Fethi Tevetoğlu, "Milli Mücadele Yıllarındaki Kuruluşlar" adlı kitabında, İngiliz Muhipler Cemiyeti'nin kurucularından birinin doğrudan Sultan Vahdettin olduğunu belirtmiştir: "Türkiye İngiliz Muhipler Cemiyeti, başta Padişah VI. Mehmet Vahdettin ve Sadrazam Damat Ferit Paşa, Dahiliye Nazırı Ali Kemal, Adil, Mehmet Ali ve Saadettin Beylerle, Ayan'dan Hoca Vasfi efendi olmak üzere, İngilizlerin idareye biran önce el koymasını isteyen ve İngiliz himayesi projesini hazırlayan, milli güç ve güvenden yoksun, umudunu yitirmiş gafiller, korkaklarla, bir takım satılmışlar tarafından, İngilizlere muhabbet ve taraftarlık, kendilerine çıkar sağlamak için, Milli Mücadele'ye karşı kurulmuş bir ihanet şebekesidir."

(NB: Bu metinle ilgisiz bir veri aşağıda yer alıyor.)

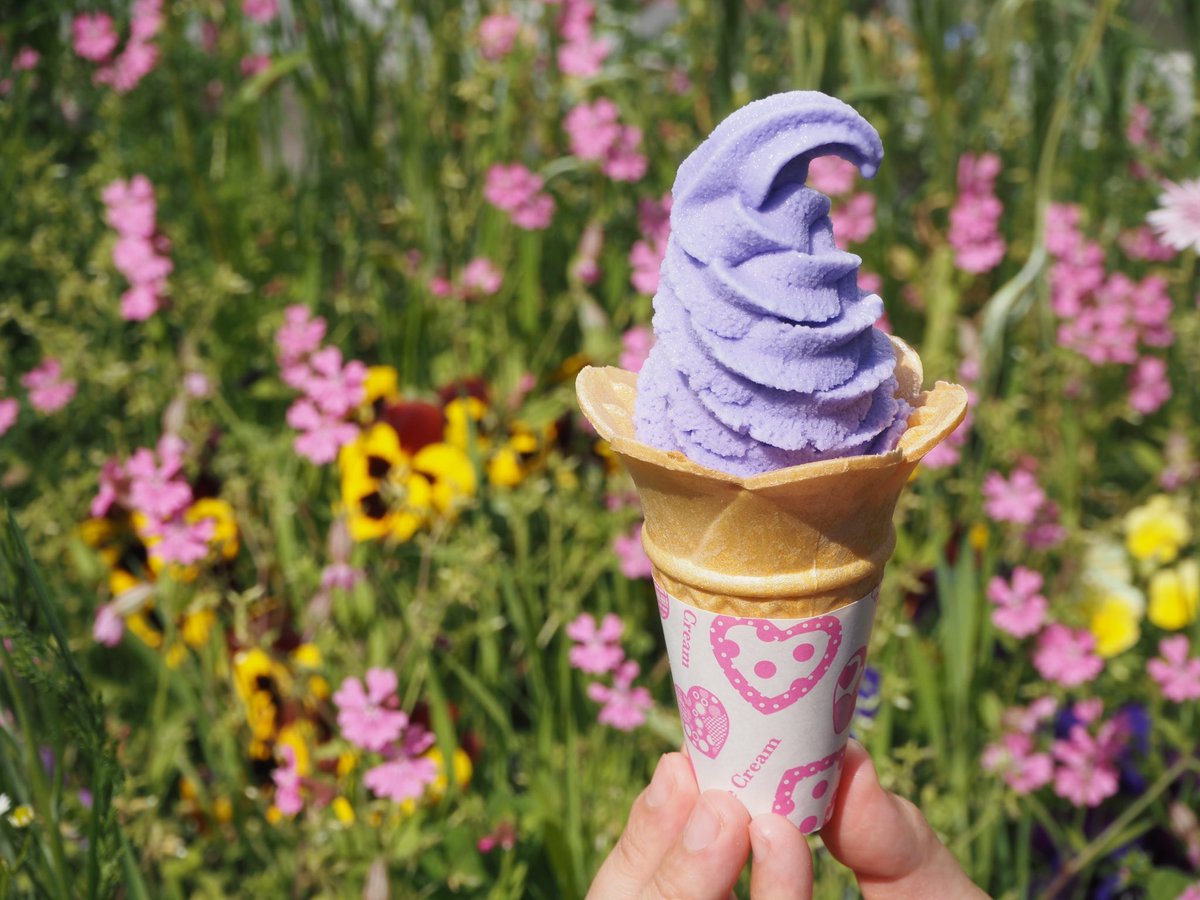 #ラベンダーアイス💜キャンペーン明日10/9が最終日です✨
たくさん食べて割引券もらってくださいね😊👍
#ラベンダーパーク多可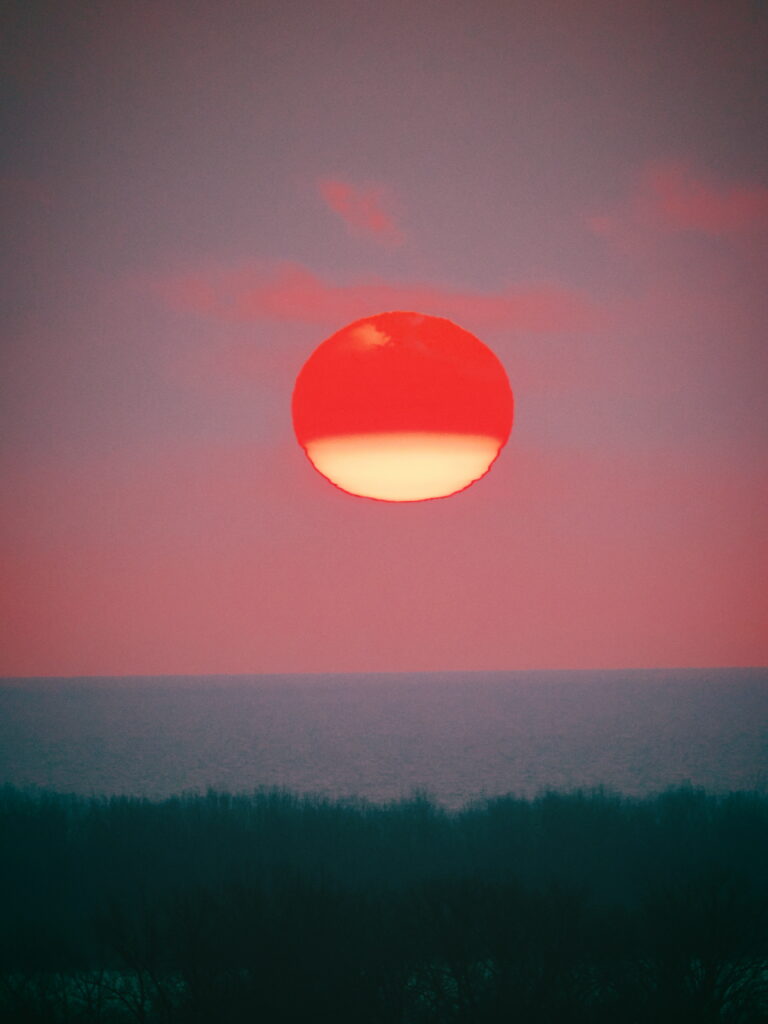 The in-camera JPEG version of the same sunset scene, featuring a distinctly cooler white balance. The sky is a slate-grey blue, making the sun appear as a vibrant, solid red-pink circle. The foreground trees are dark with a blue tint, and the overall texture appears slightly grainy.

“İngiliz Uşağı” diyenlerin tarihe bir göz atmaları, araştırmaları, her sözün her insan için söylenmeyeceğini anlayıp öğrenmeleri, gerçek “yurtseverlerle” “İngiliz Uşaklarının” kimler olduğunu açık seçik bir biçimde görmeleri gerekirdi. Teali İslam Cemiyeti Başkanı ve İngiliz Muhipler Cemiyetinin yakınında olan İskilipli Mehmet Atıf Hocanın bildiriler yazıp Yunan uçaklarıyla dağıttırttığını öğrenmek bir yurttaşlık görevidir. Vahdettin’in İngilizlerle birlik olup, kurtuluş hareketini baltalamak için çıkardığı isyanları, Kuvayı Milliye’ye karşı kurdurttuğu Kuvayı İnzibatiye’yi, İngilizlerin Mondros’la Anadolu’yu işgal için gönderdiği Yunanlara “onlar bizim misafirlerimizdir” deyişini bilmeleri ve gerçek “İngiliz uşaklığının” ne olduğunu öğrenmeleri, anlamaları, ondan sonra konuşmaları bu millete, bu vatana, bu devlete vefa borçlarıdır... Aksi halde kendileri olamayan bu insanlar “şucu, bucu” olmaktan kurtulamazlar.